(YOUR INSTRUCTIONS) Without any pictures, the records below should be reproduced exactly.

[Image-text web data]
---

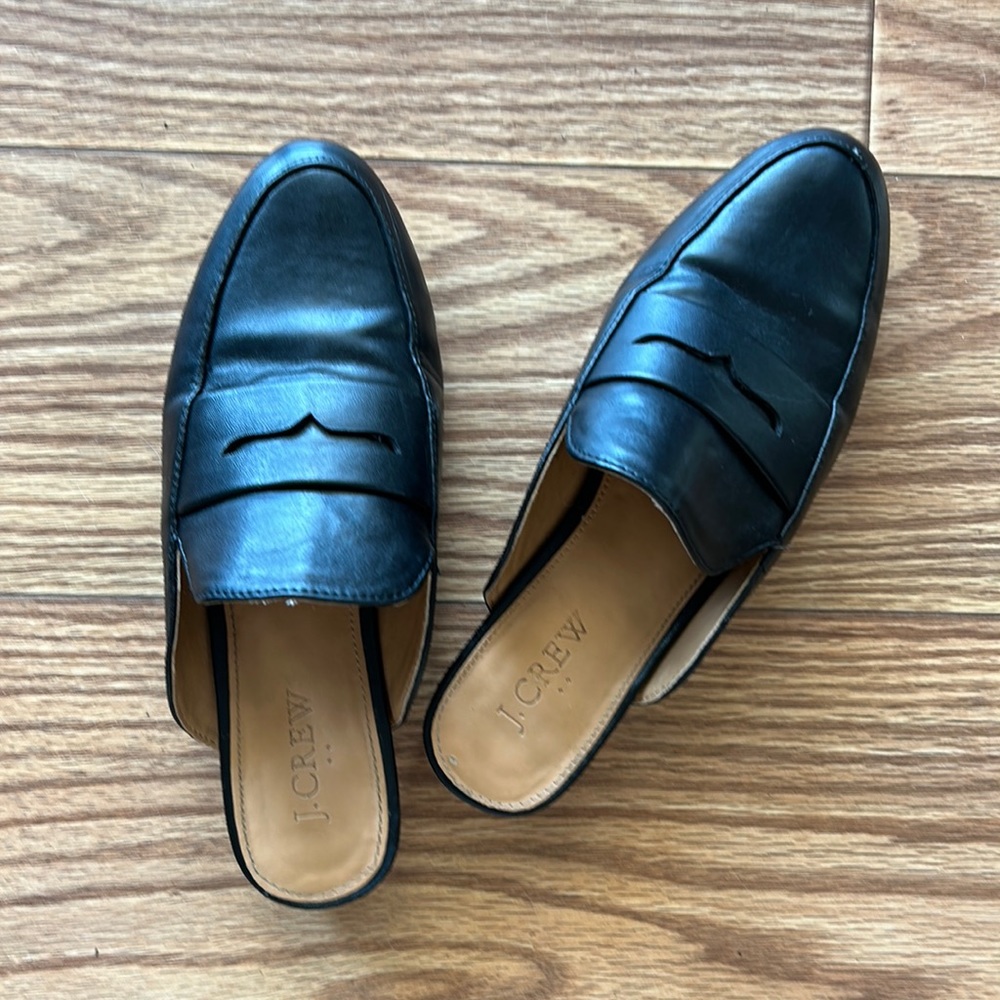 Black Mule/ Slip on J Crew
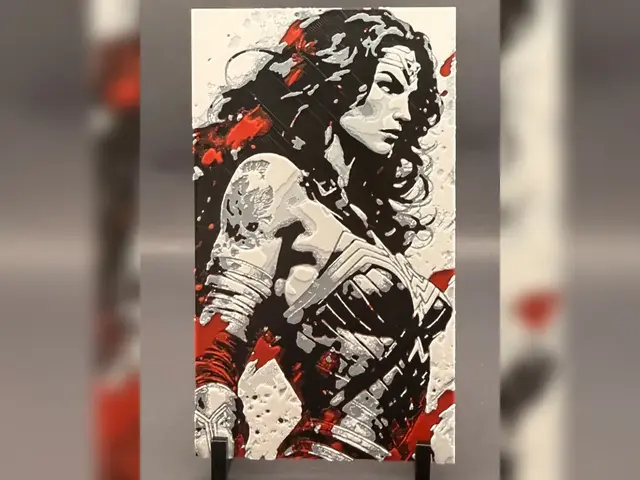Wonder Woman: Amazon Warrior HueForge Print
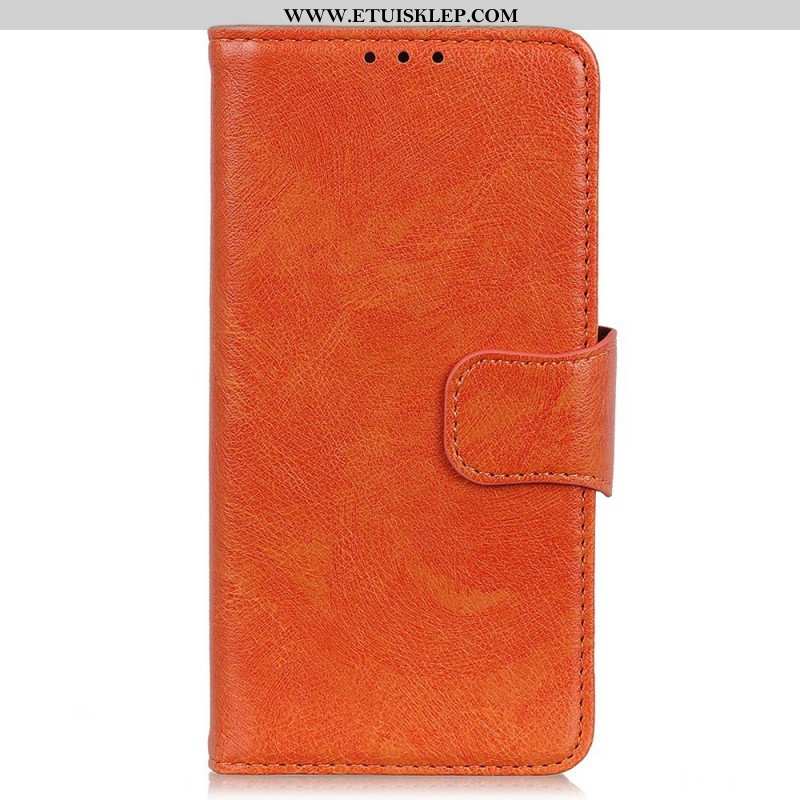 Etui Folio do Samsung Galaxy M23 5G Dwoina Skóry Nappa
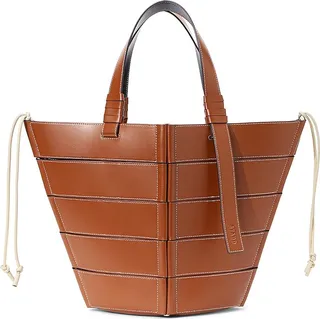 Diamond Leather Tote Bag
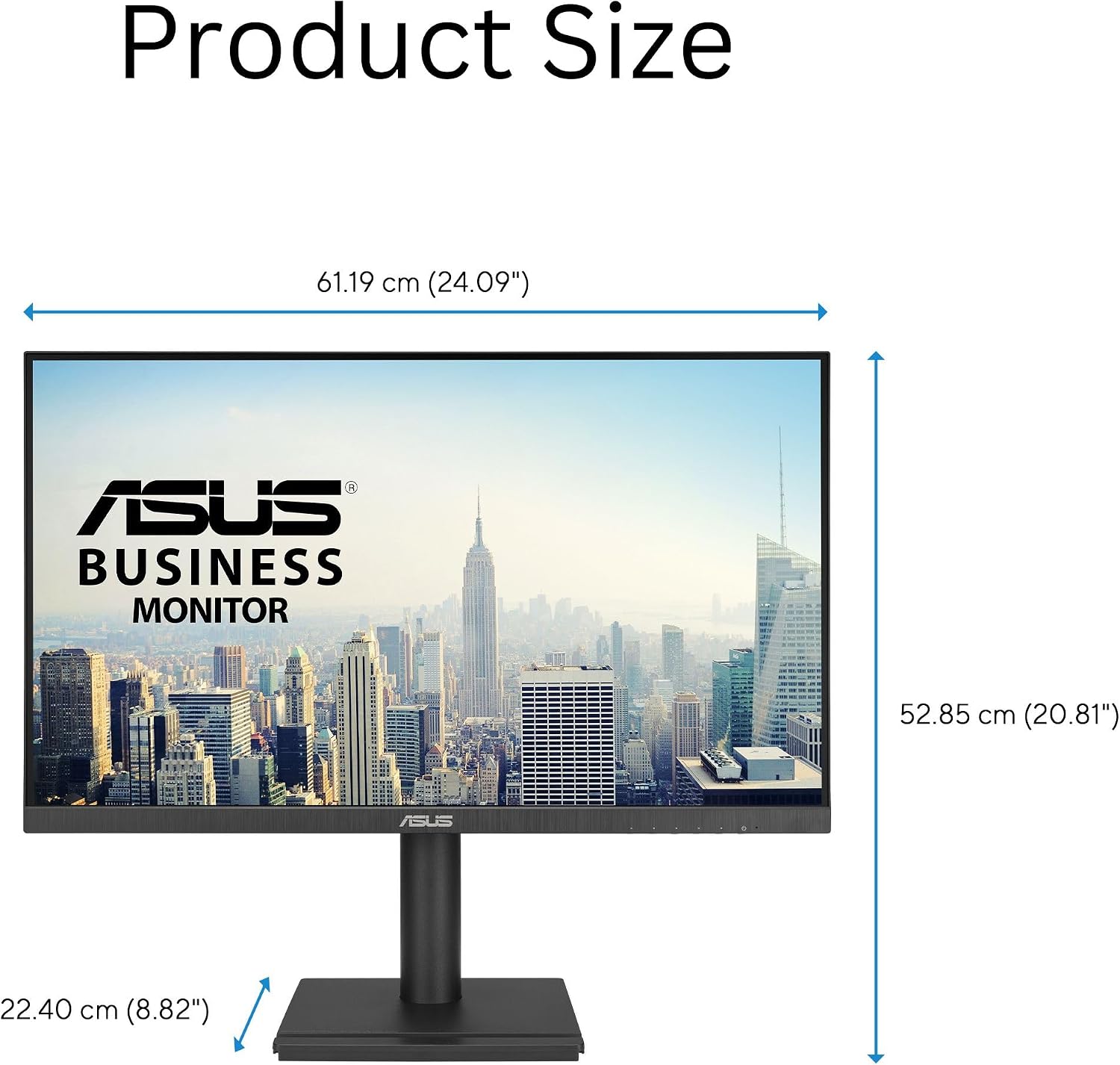 ASUS 27' 1080P Business Monitor (VA27DQFS) - IPS, 100Hz, 1ms, Adaptive-Sync, HDMI, DisplayPort, VGA, for Working and Gaming, Ergo Design, Blue Light Filter, Flicker Free, 3 yr Warranty TAA Compliant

---

(ANSWER BOX)
 Black Mule/ Slip on J Crew
Wonder Woman: Amazon Warrior HueForge Print
 Etui Folio do Samsung Galaxy M23 5G Dwoina Skóry Nappa
 Diamond Leather Tote Bag
 ASUS 27' 1080P Business Monitor (VA27DQFS) - IPS, 100Hz, 1ms, Adaptive-Sync, HDMI, DisplayPort, VGA, for Working and Gaming, Ergo Design, Blue Light Filter, Flicker Free, 3 yr Warranty TAA Compliant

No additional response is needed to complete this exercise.